Thursday, July 7, 2011

Why Parents Shouldn't Be On Facebook

A couple months ago I went up to Santa Barbara to do my pal Katherine's makeup for her engagement pictures. It was a very last minute thing that came up and well I didn't want to do the drive from LA to SB solo. I had just gone up to do another wedding and was kinda burnt out & needed company for this trip. So I figured could make a day of it & I took along my friend Su who had the day off & was happy to have a play day!

To cut to the chase, we ended up having a fun day. Filled with seafood and bloody marys by the docks, some walking around State St, silly touristy pit stop in Solvang to grab candy & ice cream, topped off with an awesome pasta bolognese pared with red wine at a great little hole in the wall in SB for dinner.
 i hate licorice but this was for my boyfriend
 such cute little dresses!
you know, touristy shit in solvang

 best bloody marys ever in santa barbara! i could go for one now
Su & her ice cream


Ideally, it was kind of the perfect date! But well with two pals instead. So I jokingly posted on her facebook page:

"Had so much fun on our girl date! Must do it again!"

Here's where lost in translation begins. Her korean dad sees this and comes to the conclusion that:

1- my daughter has turned gay & is all about the scissor sister action now
2- it's been too long since we've visited our daughter, we've not done our proper parenting skills & now she's gay

which now has resulted in a very Engrish text from her dad:

"What's up buddy? Is there very warm? How is doing men?"
this is NOT Su's dad but some random stock photo, 
i expect her dad to look more like an older Sulu from Star Trek
 preferably wearing the Star Trek uniform too




BTW, parents should also not text.

Anyhow, now my pal has her parents assuming she has a gay lifestyle here in wild & crazy LA, and they are planning to drop in & visit her sometime next year to check up on things. Part of me really wanted to mess with her poor dad more. But then that would result in my friend probably suffering from many  more visits.

So seriously, if you can prevent it, DO NOT LET YOUR PARENTS ON FACEBOOK, do not teach them how to text!

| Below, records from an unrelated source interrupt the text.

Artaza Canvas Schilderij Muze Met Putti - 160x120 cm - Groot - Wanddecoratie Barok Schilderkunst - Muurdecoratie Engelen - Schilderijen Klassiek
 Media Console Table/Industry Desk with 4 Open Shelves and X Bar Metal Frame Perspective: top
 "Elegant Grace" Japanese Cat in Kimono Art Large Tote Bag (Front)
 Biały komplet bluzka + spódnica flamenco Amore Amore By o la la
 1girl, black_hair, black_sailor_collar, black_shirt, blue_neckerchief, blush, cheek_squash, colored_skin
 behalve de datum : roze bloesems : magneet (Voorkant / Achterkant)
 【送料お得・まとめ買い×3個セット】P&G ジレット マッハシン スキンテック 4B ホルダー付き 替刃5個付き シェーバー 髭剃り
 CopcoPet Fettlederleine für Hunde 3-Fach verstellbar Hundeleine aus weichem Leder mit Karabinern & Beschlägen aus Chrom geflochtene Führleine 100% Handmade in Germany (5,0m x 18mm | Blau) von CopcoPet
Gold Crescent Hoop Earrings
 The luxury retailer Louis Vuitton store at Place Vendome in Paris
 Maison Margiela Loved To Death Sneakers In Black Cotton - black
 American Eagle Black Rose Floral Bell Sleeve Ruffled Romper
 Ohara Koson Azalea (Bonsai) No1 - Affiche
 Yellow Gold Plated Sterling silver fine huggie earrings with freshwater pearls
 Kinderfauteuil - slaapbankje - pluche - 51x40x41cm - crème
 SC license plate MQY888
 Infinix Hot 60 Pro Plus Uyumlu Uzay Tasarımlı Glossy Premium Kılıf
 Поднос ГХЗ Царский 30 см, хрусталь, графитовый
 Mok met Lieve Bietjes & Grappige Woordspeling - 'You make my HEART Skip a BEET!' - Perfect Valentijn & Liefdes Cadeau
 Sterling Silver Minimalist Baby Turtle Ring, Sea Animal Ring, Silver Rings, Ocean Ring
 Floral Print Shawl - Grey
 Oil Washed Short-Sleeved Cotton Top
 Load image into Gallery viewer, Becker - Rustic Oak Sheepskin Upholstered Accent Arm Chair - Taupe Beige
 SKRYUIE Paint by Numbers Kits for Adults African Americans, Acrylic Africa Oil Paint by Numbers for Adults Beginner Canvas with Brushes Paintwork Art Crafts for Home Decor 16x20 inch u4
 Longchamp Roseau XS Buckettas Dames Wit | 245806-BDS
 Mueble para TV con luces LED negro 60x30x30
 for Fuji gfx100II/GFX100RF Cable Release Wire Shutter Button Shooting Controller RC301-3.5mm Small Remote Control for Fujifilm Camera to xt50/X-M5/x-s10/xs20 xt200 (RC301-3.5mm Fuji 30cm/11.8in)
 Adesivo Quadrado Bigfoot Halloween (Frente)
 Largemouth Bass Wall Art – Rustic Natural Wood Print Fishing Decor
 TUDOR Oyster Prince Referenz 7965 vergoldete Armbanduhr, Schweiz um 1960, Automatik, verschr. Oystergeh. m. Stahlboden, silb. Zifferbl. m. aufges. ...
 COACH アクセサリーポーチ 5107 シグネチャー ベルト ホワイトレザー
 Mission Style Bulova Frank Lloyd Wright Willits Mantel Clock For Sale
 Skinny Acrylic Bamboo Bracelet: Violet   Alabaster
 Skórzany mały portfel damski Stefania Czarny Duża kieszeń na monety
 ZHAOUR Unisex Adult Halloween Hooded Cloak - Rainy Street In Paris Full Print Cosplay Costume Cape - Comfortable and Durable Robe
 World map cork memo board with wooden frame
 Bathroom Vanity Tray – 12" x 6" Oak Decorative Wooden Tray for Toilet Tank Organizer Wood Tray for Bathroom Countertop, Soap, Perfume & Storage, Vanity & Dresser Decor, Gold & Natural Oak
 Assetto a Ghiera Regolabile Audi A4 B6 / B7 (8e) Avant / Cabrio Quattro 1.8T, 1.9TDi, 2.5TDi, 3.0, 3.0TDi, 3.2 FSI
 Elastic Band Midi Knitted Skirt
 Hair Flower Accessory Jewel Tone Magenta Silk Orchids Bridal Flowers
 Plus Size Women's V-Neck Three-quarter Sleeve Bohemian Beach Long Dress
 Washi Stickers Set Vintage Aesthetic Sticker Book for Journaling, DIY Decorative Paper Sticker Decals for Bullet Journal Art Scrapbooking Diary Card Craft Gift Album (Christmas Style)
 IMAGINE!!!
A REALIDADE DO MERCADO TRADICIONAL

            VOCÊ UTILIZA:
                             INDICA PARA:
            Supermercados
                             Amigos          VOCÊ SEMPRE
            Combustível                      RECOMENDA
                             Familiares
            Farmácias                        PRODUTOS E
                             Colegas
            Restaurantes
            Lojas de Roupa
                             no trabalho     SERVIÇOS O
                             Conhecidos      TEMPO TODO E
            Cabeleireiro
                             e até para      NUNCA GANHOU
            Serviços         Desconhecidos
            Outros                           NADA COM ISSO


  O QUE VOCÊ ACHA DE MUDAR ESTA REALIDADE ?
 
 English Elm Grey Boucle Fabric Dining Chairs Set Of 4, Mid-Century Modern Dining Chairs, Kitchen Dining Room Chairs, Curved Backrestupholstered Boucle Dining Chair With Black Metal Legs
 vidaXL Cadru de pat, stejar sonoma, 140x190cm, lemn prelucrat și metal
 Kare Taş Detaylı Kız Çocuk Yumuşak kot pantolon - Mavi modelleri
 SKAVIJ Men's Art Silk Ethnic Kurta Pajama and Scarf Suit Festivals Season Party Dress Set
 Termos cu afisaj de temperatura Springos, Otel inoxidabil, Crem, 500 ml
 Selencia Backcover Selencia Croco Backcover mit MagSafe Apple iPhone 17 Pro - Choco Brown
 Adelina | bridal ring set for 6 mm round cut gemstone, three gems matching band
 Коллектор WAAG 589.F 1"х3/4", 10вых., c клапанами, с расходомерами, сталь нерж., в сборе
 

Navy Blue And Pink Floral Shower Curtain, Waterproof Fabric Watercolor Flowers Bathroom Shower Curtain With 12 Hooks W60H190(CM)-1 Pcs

Give them your old shitty phones, and keep them in a simpler more parent friendly time.

Friday, July 1, 2011

holy rainbow balls, i am a slacker!

actually i just haven't been inspired lately to ramble on, so i figured i'd at least do a quick update & share some of my new favorite things.

C2O Coconut Water


the name is unfortunate as it reminds me of carbon dioxide. 
but it is one of the tastiest coconut waters on the market. 
always smooth & no weird after taste

PhotoStudio App

it's got an endless variety of filters and fx that can be used alone or layered
I converted a pic to b&w here,
then used rainbow palette #2 and sprinkled it with startdust frame
 apparently it makes me look like a
Lisa Frank Sticker





8mm App for my Iphone
i've had this app for awhile but just never played around with it until now


now you can make your own grainy 70s inspired home grown porn 
or shitty grindhouse flick

this is me being awkward & uncomfortable
2 things i do well




here's a flipbook the mr. & i made at a wrap party



so i got a digital perm about three months ago & i love it! 
to maintain the curls i have been using LUCIDO Designing Aqua & my T3 Blowdryer & diffuser



this description of the product is perhaps a battle of intensity and overkill

Amika Triple Barrel Pro Curler Set



clamp free in three sizes perfect for your hair at any length in life! 
it also comes with a heat resistant glove so you don't torch those pretty digits of yours. 
love this iron because it sets curls at a high heat so they maintain a nice shape throughout the day


WOODHOUSE Salted Caramels


i'm not a chocolate lover at all but,
my pal Katherine over at http://www.featherfactor.com/ turned me onto these.
she gave me a six pack of the assorted milk & dark choco  & my world was forever changed!
seriously, if you want to make some bitch fat get her these rich, buttery fleur de sel sprinkled fuckers! 
oh, and don't feel too bad about eating them all in one sitting. 
they only have a shelf life of 7 days so eat up!